Coder Agent Model Evolution: Qwen → Haiku → Codex

Three iterations of the OpenClaw coder subagent model, each solving one problem and revealing the next.


Architecture Context

OpenClaw uses a multi-agent setup where Opus 4.6 (main) orchestrates and delegates file operations to a cheaper coder subagent via sessions_spawn. The coder’s responses auto-announce directly to Telegram, and Opus never sees or interprets them.

That means the coder model must produce user-facing quality output on its own.

Config location:

~/.openclaw/openclaw.jsonagents.list[id="coder"]


Phase 1: Local Qwen 14B (ollama/qwen2.5:14b)

Why We Tried It

Free. Runs on local GPU. No API costs for routine grep/find/read tasks.

What Went Wrong

grep -rn "TODO" ~/repos/watchtower --include='*.py' returned exit code 1 (no matches, no output).

Qwen responded as if this was a hard failure:

“It seems like the last command I tried to run returned an error. Could you provide more details?”

Exit code 1 from grep means zero matches, not an execution error.

Additional issues:

  • Qwen passed elevated: true in exec arguments and was rejected by OpenClaw’s permission system
  • Required enabling tools.elevated.enabled: true as a workaround
  • Output formatting was inconsistent and not reliably user-facing
  • Multi-step instructions were inconsistent

Lesson

Local GPU only saves money if the model can execute reliably. Bad output increases confusion and burns more orchestrator turns.


Phase 2: Haiku 4.5 (anthropic/claude-haiku-4-5)

Why We Switched

Haiku is inexpensive and materially better at shell semantics and structured reporting. It understood grep behavior and immediately passed all enforcement checks.

What Went Wrong

Both Opus and Haiku were hitting Anthropic via the same API credential.

Concurrent Opus + coder traffic correlated with repeated Anthropic 500 errors in-session.

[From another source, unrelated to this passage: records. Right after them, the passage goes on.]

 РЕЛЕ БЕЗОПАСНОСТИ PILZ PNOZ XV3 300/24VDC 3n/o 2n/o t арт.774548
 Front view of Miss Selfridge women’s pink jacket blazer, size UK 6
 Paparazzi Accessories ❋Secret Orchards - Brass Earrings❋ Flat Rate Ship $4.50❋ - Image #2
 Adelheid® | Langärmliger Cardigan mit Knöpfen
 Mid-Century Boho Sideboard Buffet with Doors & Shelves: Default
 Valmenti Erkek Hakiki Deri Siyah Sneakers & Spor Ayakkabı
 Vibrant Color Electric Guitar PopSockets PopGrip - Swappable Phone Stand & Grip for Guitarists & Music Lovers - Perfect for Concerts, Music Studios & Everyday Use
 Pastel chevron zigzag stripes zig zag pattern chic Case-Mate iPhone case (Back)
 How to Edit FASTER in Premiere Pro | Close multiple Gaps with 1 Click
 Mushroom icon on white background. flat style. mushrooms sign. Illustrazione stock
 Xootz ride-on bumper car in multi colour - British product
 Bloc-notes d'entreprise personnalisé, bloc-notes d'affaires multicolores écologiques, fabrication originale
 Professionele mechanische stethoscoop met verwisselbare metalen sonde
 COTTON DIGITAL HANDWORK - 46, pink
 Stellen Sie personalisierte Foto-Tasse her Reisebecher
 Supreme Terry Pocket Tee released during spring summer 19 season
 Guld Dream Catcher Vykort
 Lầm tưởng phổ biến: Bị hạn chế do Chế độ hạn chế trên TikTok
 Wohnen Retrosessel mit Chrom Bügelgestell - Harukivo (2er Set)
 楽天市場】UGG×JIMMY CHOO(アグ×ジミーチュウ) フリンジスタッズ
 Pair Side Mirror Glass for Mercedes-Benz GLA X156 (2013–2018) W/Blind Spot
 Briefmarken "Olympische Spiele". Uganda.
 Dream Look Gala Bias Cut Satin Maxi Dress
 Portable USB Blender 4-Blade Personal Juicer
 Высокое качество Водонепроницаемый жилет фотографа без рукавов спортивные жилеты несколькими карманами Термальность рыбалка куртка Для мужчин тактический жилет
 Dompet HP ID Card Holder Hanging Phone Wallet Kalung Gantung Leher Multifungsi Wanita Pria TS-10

Compounding Problem: Retry Logic Miss

OpenClaw includes transient HTTP retry logic (runAgentTurnWithFallback), but it only triggers when isTransientHttpError() matches expected status-prefix formats such as:

  • 500 Internal Server Error

Anthropic often returned JSON payloads like:

{"type":"error","error":{"type":"api_error","message":"Internal server error"}}

That format did not match the prefix-check path, so retries did not fire.

Cascade Effect

The unretried errors caused the orchestrator to:

  1. Lose track of coder results already delivered
  2. Re-spawn duplicate coder tasks
  3. Draft content without writing target files
  4. Eventually stall after repeated failures

Structural Gap

Separately, coder auto-announce delivery does not itself trigger a fresh orchestrator inference turn. In practice, a new user message is required to continue execution.


Phase 3: GPT 5.3 Codex (openai-codex/gpt-5.3-codex)

Why This Works

Different provider, different API path.

Codex uses OpenAI credentials, so concurrent Opus (Anthropic) + coder (OpenAI) traffic does not contend on the same provider token.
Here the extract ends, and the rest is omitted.